◆ Task statement
Among the entries below, which lines run from the line with "PlastiKote 440.0010600.076 Metal" through the line with "Vintage Photograp Vagabond"? Retype those, both ends included, exactly and without pictures.

◆ Exercise materials

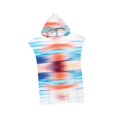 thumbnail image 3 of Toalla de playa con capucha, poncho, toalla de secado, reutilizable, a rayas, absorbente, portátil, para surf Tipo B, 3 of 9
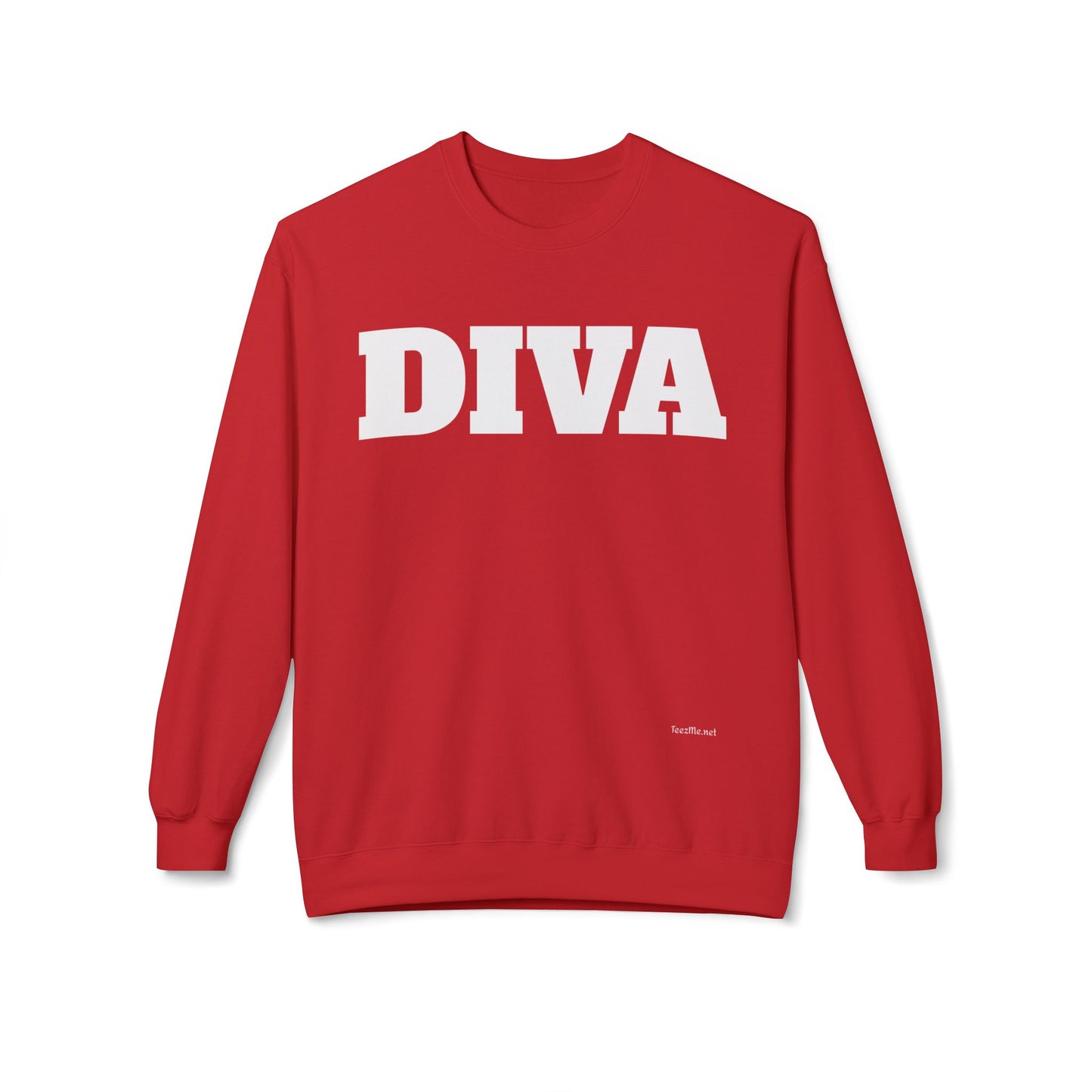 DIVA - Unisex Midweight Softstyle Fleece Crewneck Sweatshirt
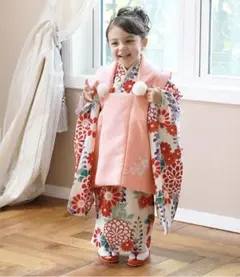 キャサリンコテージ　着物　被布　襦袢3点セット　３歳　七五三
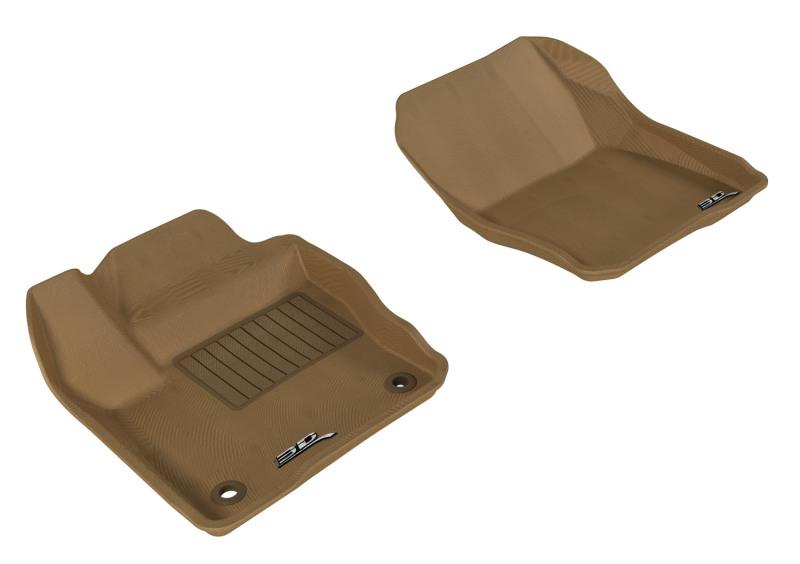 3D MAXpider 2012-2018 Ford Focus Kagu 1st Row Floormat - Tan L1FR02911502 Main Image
---
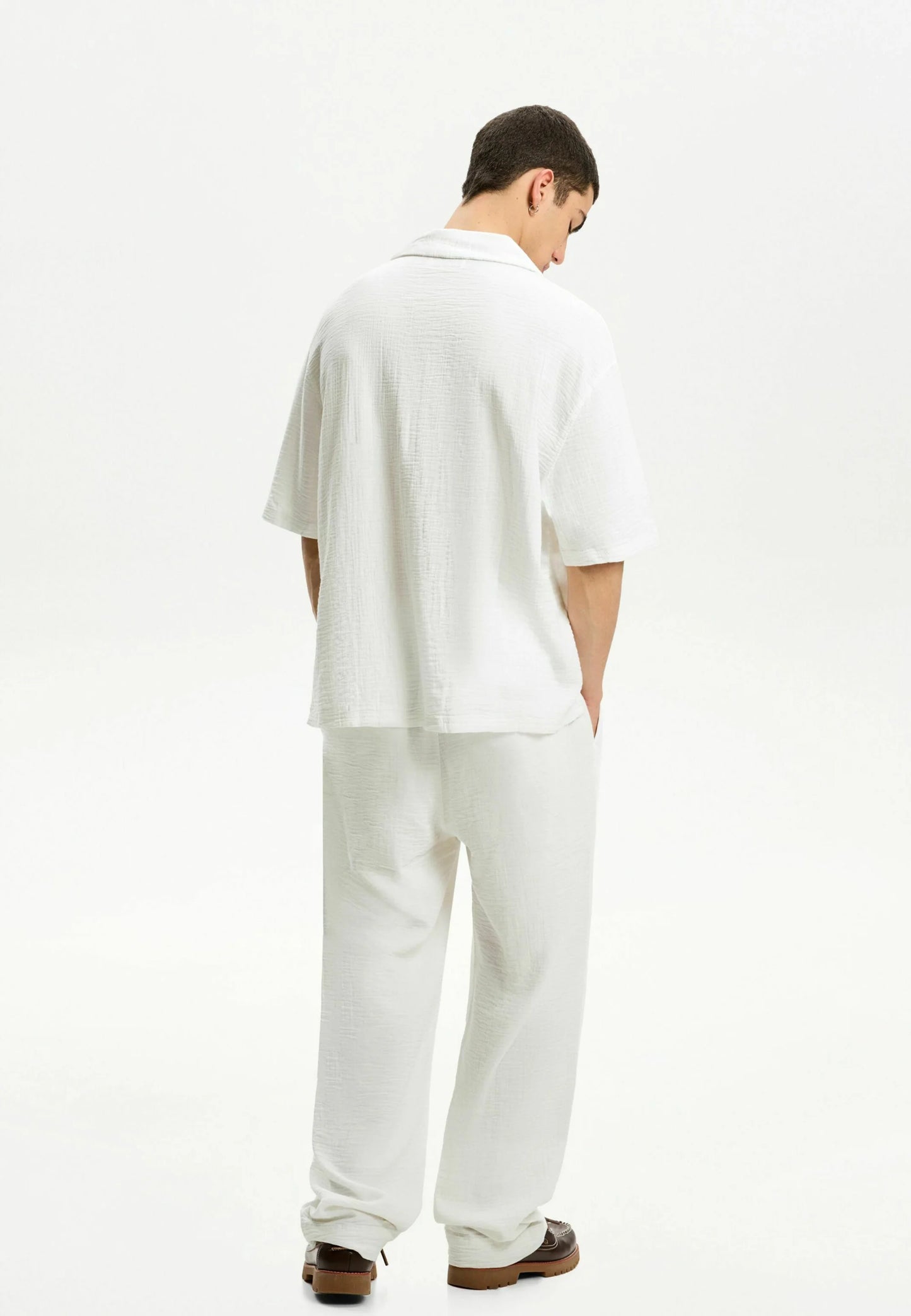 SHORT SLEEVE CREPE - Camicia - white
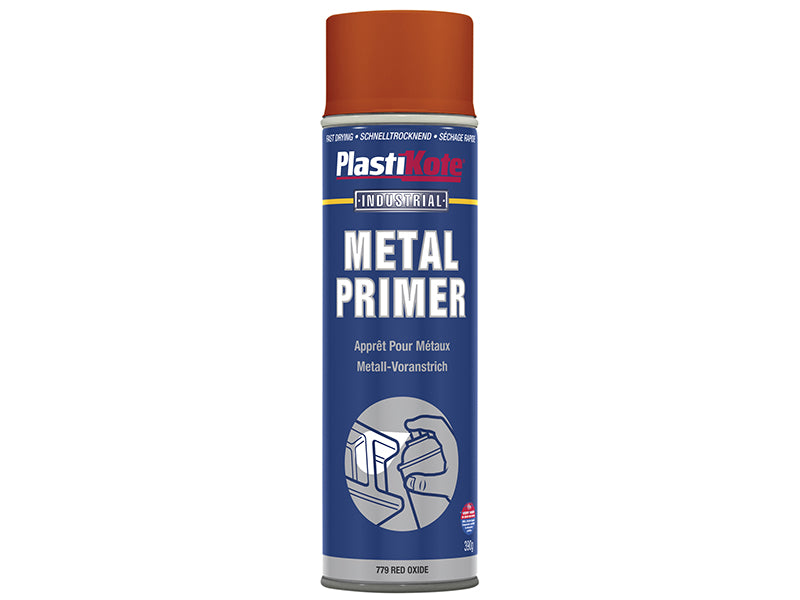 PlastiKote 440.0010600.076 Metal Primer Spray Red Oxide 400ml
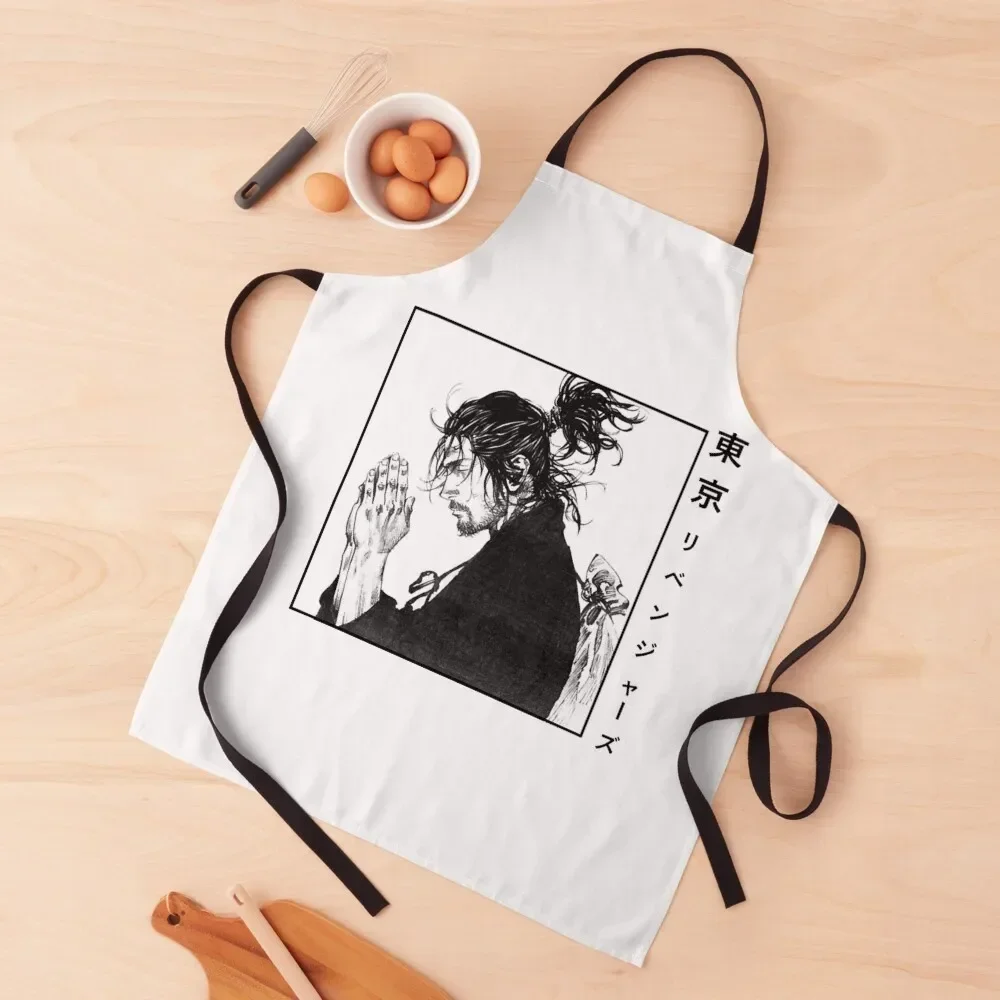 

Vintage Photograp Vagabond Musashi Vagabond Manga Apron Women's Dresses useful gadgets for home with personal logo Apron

◆ Exercise response
 PlastiKote 440.0010600.076 Metal Primer Spray Red Oxide 400ml

Vintage Photograp Vagabond Musashi Vagabond Manga Apron Women's Dresses useful gadgets for home with personal logo Apron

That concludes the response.